[Task inputs]
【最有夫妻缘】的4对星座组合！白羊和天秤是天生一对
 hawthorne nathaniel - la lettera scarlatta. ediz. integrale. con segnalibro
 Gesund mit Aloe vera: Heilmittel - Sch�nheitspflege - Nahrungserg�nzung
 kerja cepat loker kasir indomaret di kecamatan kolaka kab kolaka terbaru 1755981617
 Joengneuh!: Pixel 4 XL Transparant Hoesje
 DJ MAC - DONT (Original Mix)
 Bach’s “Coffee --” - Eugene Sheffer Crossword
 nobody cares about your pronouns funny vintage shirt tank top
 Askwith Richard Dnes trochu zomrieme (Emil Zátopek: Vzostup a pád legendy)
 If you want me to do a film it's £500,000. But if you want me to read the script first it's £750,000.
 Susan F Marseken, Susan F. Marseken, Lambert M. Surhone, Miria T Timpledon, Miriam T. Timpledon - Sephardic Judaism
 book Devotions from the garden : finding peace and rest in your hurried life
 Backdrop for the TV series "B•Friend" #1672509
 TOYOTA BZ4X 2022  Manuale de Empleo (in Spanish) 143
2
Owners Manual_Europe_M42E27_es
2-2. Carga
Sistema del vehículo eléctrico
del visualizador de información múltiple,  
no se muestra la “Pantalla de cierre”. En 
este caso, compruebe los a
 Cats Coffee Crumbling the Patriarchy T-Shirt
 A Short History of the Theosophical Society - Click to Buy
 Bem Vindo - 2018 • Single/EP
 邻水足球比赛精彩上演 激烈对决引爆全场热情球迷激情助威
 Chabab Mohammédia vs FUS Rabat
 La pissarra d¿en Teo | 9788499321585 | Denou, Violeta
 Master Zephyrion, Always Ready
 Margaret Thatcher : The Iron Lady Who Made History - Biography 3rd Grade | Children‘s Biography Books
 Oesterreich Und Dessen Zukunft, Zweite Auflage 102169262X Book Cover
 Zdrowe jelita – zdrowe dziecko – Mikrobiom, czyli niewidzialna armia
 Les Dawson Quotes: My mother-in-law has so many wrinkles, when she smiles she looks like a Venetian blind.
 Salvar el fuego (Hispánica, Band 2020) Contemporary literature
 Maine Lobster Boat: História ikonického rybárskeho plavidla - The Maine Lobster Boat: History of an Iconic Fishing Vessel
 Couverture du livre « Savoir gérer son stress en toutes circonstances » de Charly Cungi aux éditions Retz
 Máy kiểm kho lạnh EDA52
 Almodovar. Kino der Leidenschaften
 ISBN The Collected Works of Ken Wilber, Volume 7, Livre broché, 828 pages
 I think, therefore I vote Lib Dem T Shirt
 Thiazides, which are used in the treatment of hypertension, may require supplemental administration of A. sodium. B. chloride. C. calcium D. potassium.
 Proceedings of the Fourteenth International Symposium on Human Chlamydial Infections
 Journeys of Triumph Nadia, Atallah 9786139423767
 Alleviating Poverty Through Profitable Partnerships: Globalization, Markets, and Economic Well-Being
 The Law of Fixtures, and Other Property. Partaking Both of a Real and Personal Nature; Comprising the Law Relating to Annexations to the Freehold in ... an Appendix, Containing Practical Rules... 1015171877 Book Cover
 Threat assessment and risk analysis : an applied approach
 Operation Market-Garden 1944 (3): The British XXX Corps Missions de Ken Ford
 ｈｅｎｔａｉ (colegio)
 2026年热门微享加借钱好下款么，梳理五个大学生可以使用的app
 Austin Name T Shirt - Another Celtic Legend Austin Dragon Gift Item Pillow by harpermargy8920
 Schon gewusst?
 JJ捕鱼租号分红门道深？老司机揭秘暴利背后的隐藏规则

[Exercise aim] From the line containing "The Law of Fixtures, and" down to the last line of the data, transcribe every line exactly; nothing else should appear.

[Answer space]
 The Law of Fixtures, and Other Property. Partaking Both of a Real and Personal Nature; Comprising the Law Relating to Annexations to the Freehold in ... an Appendix, Containing Practical Rules... 1015171877 Book Cover
 Threat assessment and risk analysis : an applied approach
 Operation Market-Garden 1944 (3): The British XXX Corps Missions de Ken Ford
 ｈｅｎｔａｉ (colegio)
 2026年热门微享加借钱好下款么，梳理五个大学生可以使用的app
 Austin Name T Shirt - Another Celtic Legend Austin Dragon Gift Item Pillow by harpermargy8920
 Schon gewusst?
 JJ捕鱼租号分红门道深？老司机揭秘暴利背后的隐藏规则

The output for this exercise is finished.